Some of these technologies and tools are required to deploy the components using AI Builder tools. Key technologies include Protocol Buffers (protobuf), gRPC, and Docker.

Each component will include a gRPC server that provides functions corresponding to its specific task, such as data cleaning or model creation. Additionally, components may incorporate a web application for user interaction, although this is not mandatory. All necessary code, including server code, service implementation, and any web applications, will be containerized into a single Docker container.

To create a gRPC server, you must first write a .proto file defining the data structures and service functions. This proto file, along with the Docker container, will be uploaded to the AI Builder platform. The proto files facilitate the connection between different gRPC servers.

The following graph expands on the process of creating and deploying a pipeline, illustrating how each component contains specific files and how the Playground orchestrates gRPC requests and responses between servers.

pipeline creation graph

The steps to create a pipeline are as follows:

1. Identify the Problem, Objectives, and Deliverables#

The initial step in creating a pipeline is to define the problem and the objectives of the pipeline. Understanding your requirements will guide you in determining the necessary components and their implementation. Clearly defining the problem and objectives helps identify the deliverables and provides a clearer understanding of the tools and technologies required for planning.

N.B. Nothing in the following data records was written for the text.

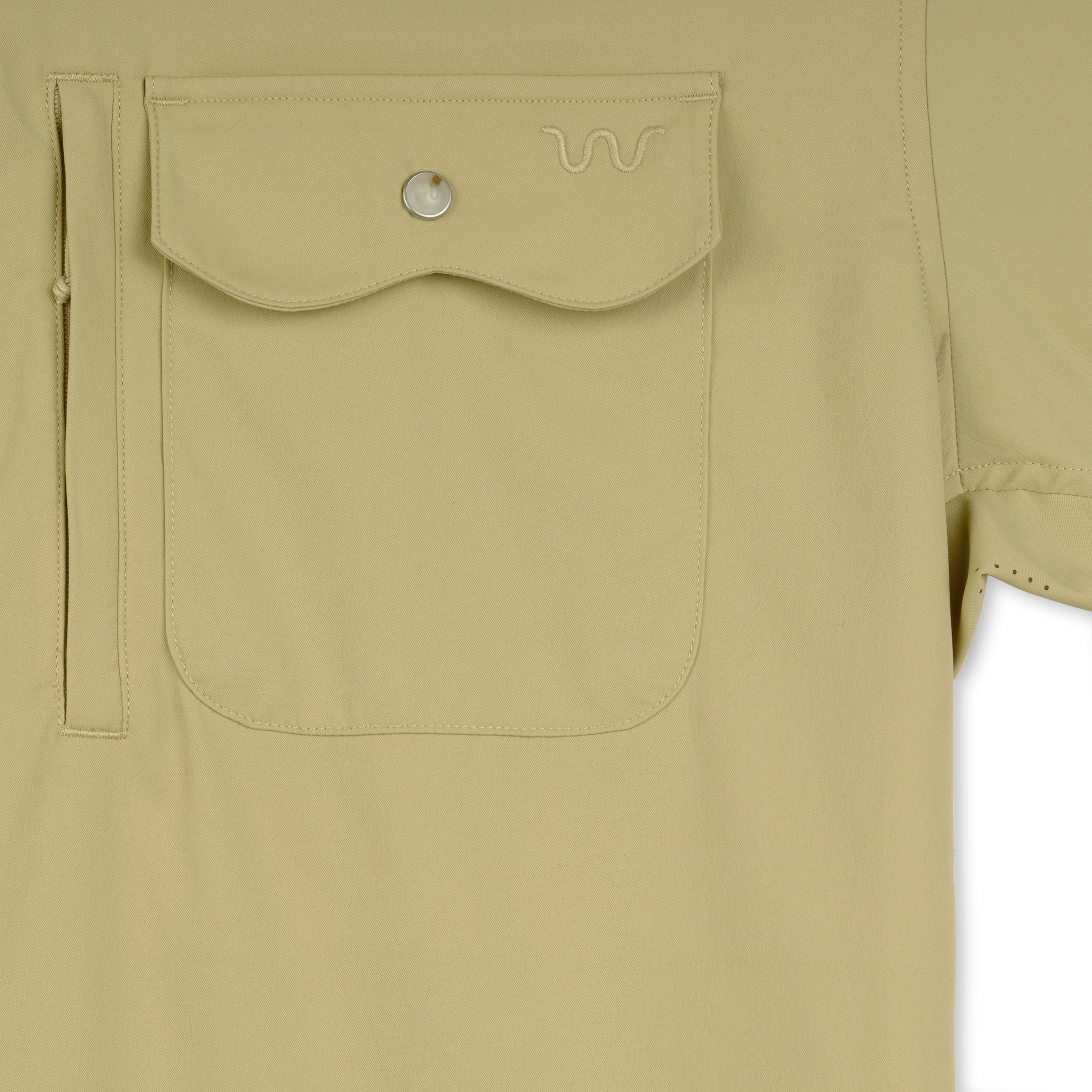 Men's Blue Norther® Tech Shirt - Image 74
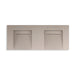 KOHLER K-81030-BSS Constellation 60" wall-mount basin lavatory system, canvas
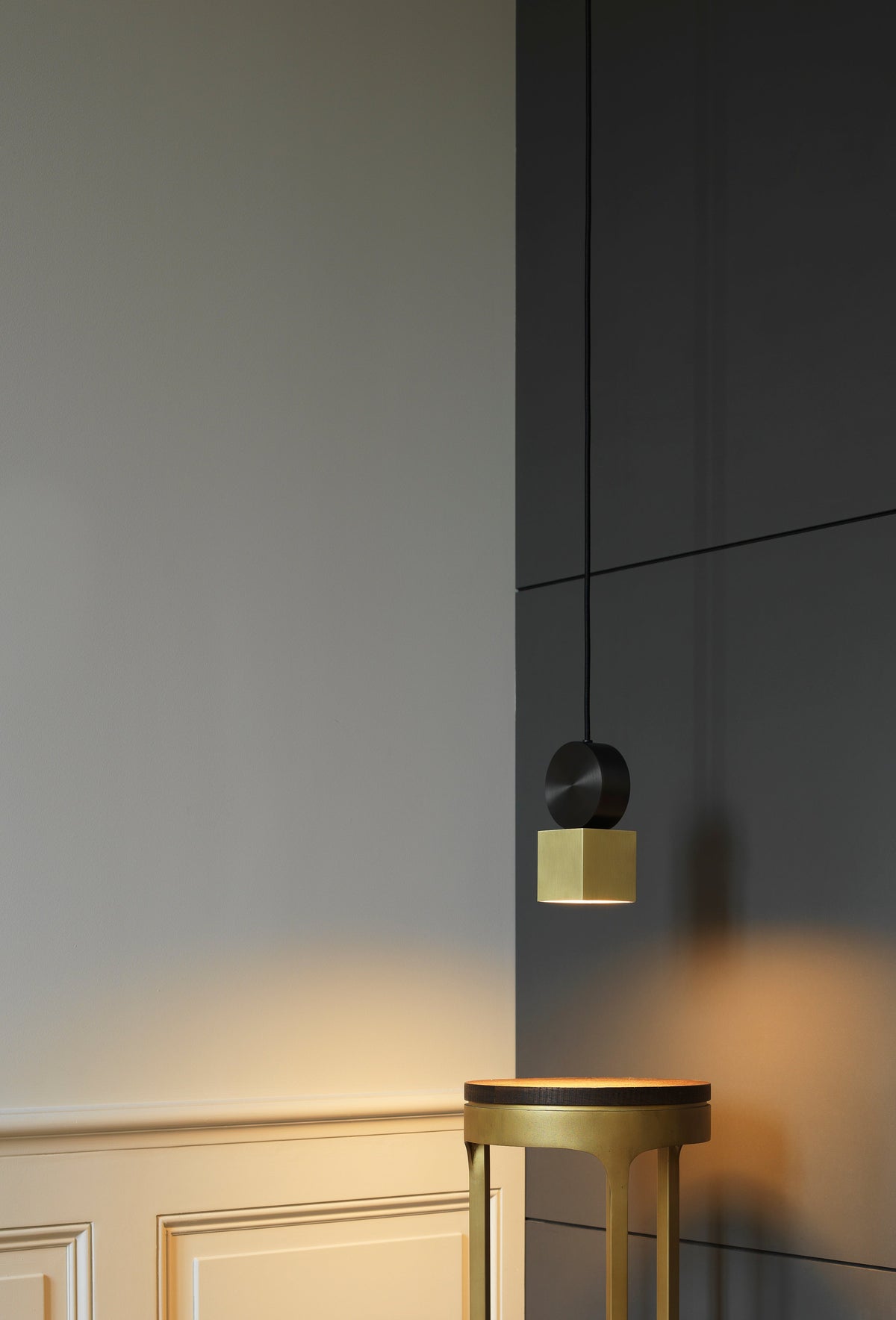 Moderne pendellampe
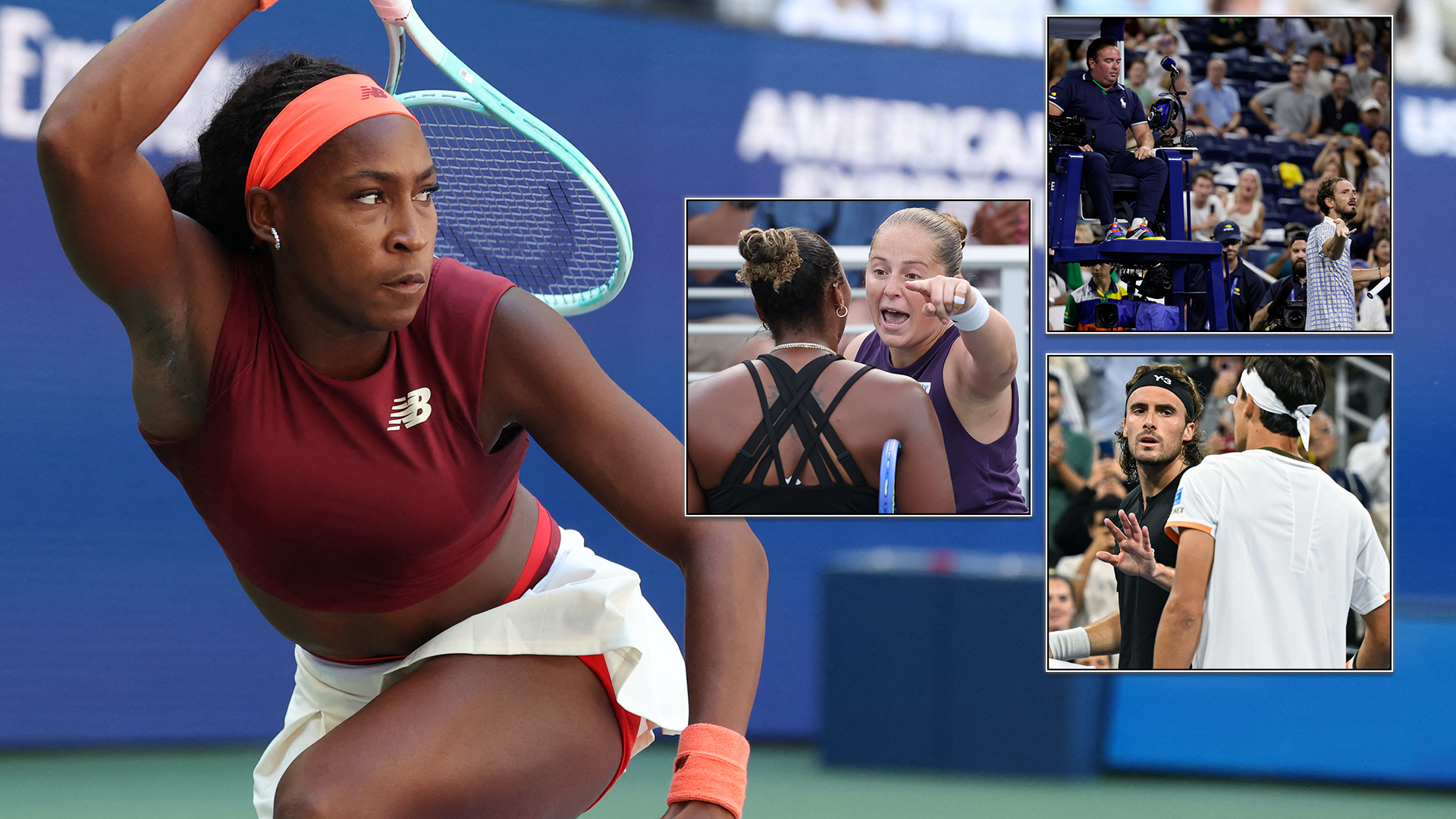 Koko Gauff naziva Otvoreno prvenstvo drama "samo još jedna nedelja na turneji"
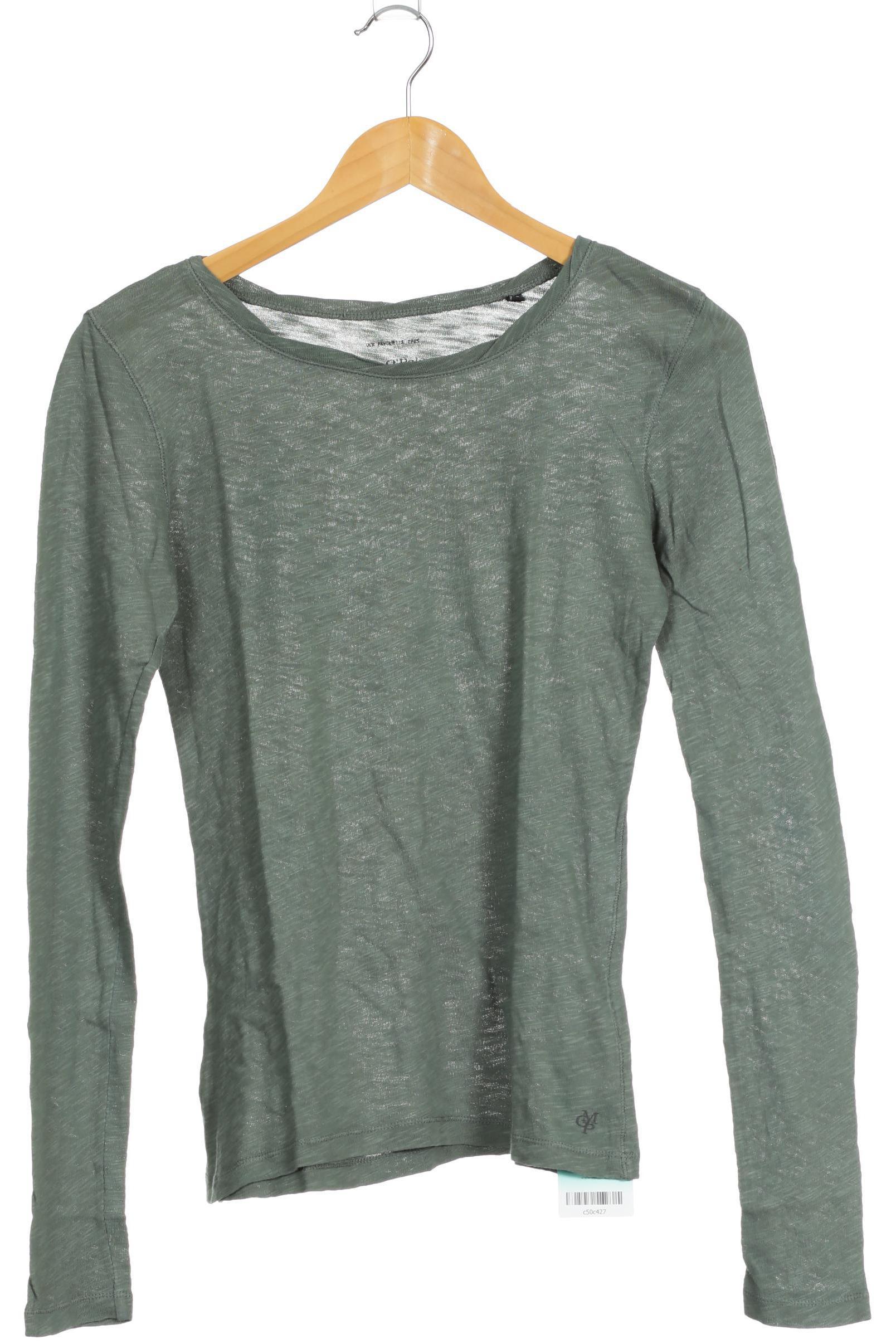 

Marc O Polo Damen Langarmshirt, grün, Gr.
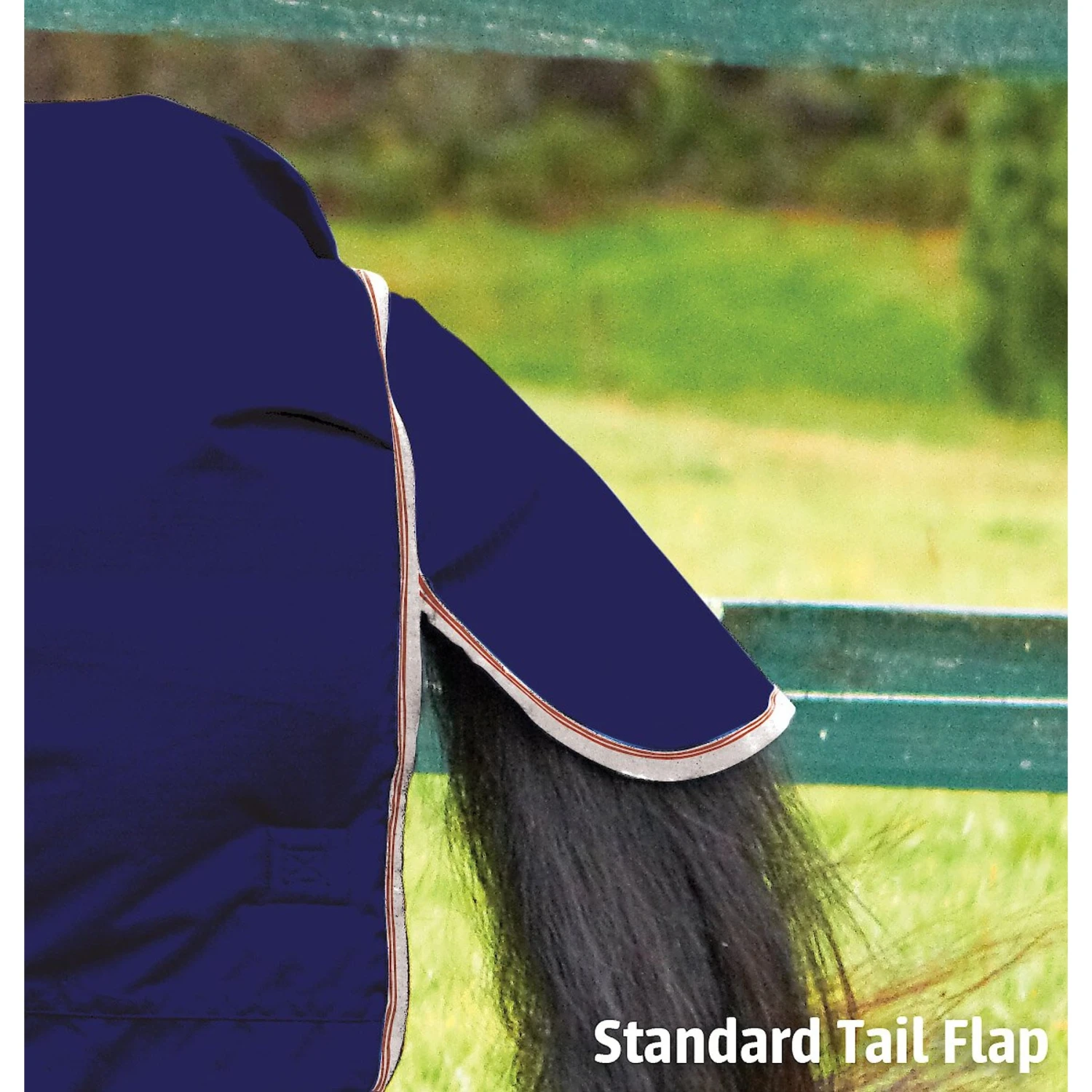 WeatherBeeta Comfitec Essential Standard Neck Medium Horse Blanket 3 WeatherBeeta Comfitec Essential Standard Neck Medium Horse Blanket - Image 3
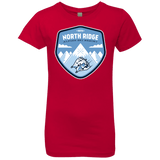 T-Shirts Red / YXS North Ridge Ski Resort Girls Premium T-Shirt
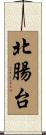 北腸台 Scroll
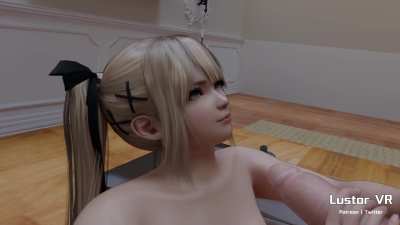 [VR] Marie Handjob Tease (LustorVR) [Dead or Alive]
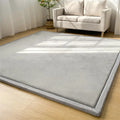 Children's Foam Play Mat - Rectangle Shape with Non-Slip Backing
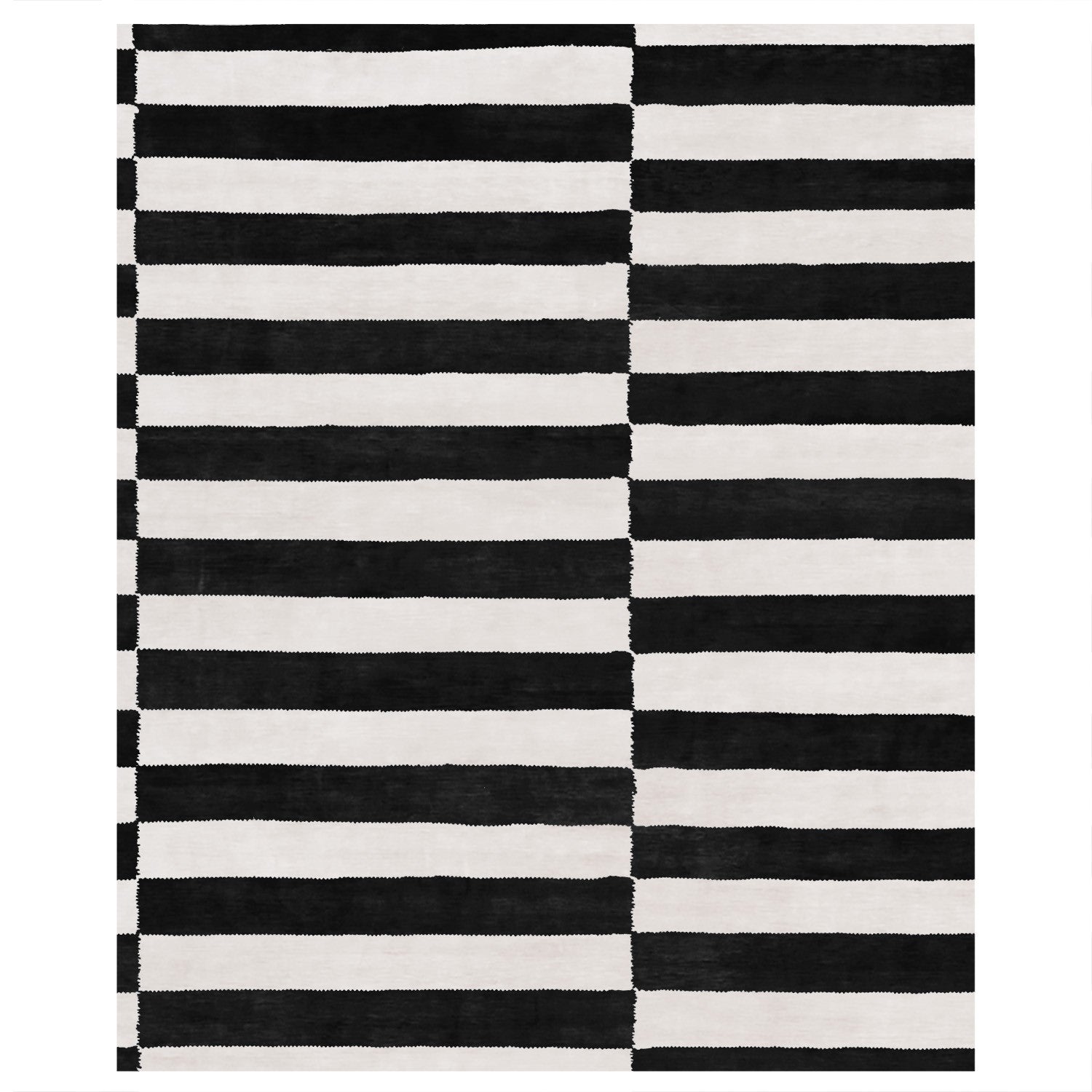 Enamonzo Flatweave Black Rug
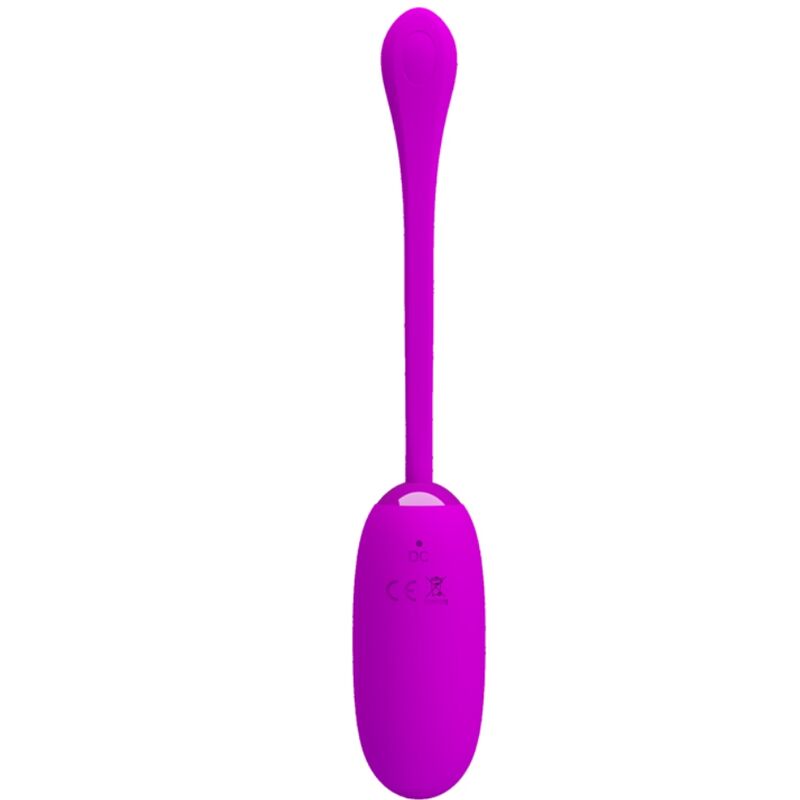PRETTY LOVE - JULIUS OVO VIBRADOR IMPERMEÁVEL E RECARREGÁVEL ROXO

2. Create the Pipeline Outline#

Next, outline the number and function of the components required. Decide on additional technologies, such as programming languages, needed for the components. Defining each component’s inputs and outputs is critical, as these connections facilitate the pipeline’s flow. For example, the output of a data cleaning component serves as the input for a training component. Clearly defining these inputs and outputs simplifies the coding process by clarifying component expectations.

3. Implement the Components#

The third step involves implementing the components, including writing service code, testing the services, creating proto files, generating and integrating gRPC code, and potentially developing web applications. Containerize the components using Docker. The implementation process is technical and involves multiple steps, which are covered in detail in this material.

Careful testing of each component is essential before deploying the pipeline to ensure functionality and simplify debugging. Testing throughout the development process is crucial for a reliable solution, and we will cover testing procedures in detail.

4. Upload the Docker Images#

After verifying that all components function correctly, containerize the applications and upload them to Docker Hub. Define a Dockerfile for each component to facilitate this process. Uploading to Docker Hub streamlines the subsequent upload of components to the AI Builder platform.

5. Connect the Components in AI Builder#

Once components are uploaded to Docker Hub, use the AI Builder platform to upload and connect them. This process creates a deployable pipeline, which can be deployed directly from the platform or downloaded as a solution.zip file for local deployment using the Playground app.

6. Run the Pipeline#

The pipeline can be deployed and ran through the AI on Demand website.